I hastily hung up from the call, and once again had to take decisive action. At least I could power this one down properly, but even so a lot more isopropyl alcohol was used on the disassembled parts to get rid of all the gunk, and again it was a painstaking and time consuming process to rebuild and check everything.
Get out of jail card
Every so often, once in a blue moon, there’d be a problem that just could not be resolved on site. Sometimes you’d just be stumped, nothing made sense, all logic went out of the window and none of the standard procedures worked.
For occasions like this, we had a special get out of jail card. It wasn’t deemed good enough to say “I don’t know” to the customer. When their valued call logging system wasn’t working, what they wanted most was reassurance that everything was going to be all right.
It’s like going to the Doctor’s with an illness – as long as you’re given a label, you’ve got something, an “itis” for example. That “itis” leads to acceptance and acceptance leads to confidence that something can be done. The problem has been given shape and form and remedial action can be taken.

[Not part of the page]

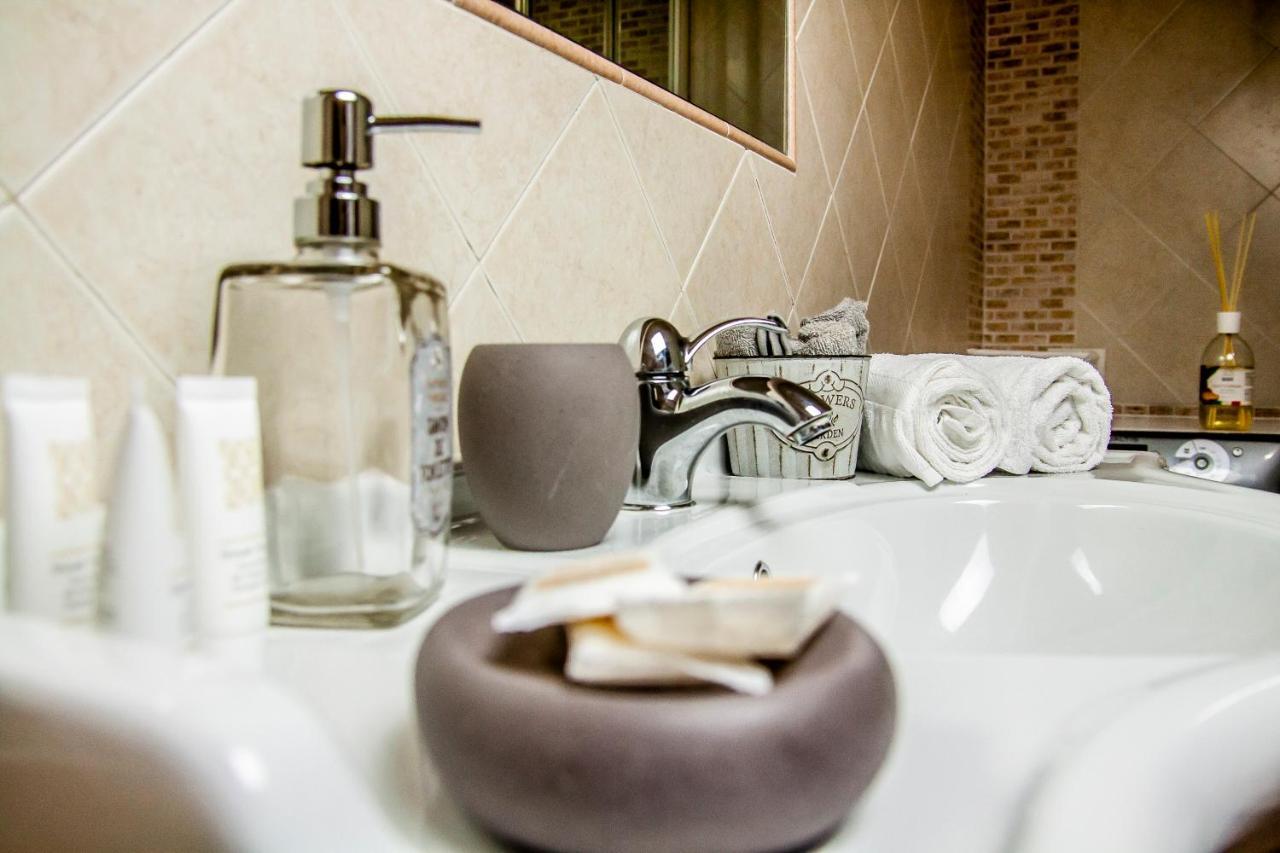 Suite Home Al Centro Di Сасари Екстериор снимка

On occasions like this we dug deep into the disk drives’ highly technical manual and made use of the most arcane aspect of the manufacturer’s soul. The diagnosis that we gave any unfixable problem on site, complete with much car mechanic’s tooth sucking, was: “I’m afraid it’s a sector phase lock loop problem, this has to go back to the lab”…
Then it was just the question of getting that huge and heavy disk drive unit into the car, without putting one’s back out.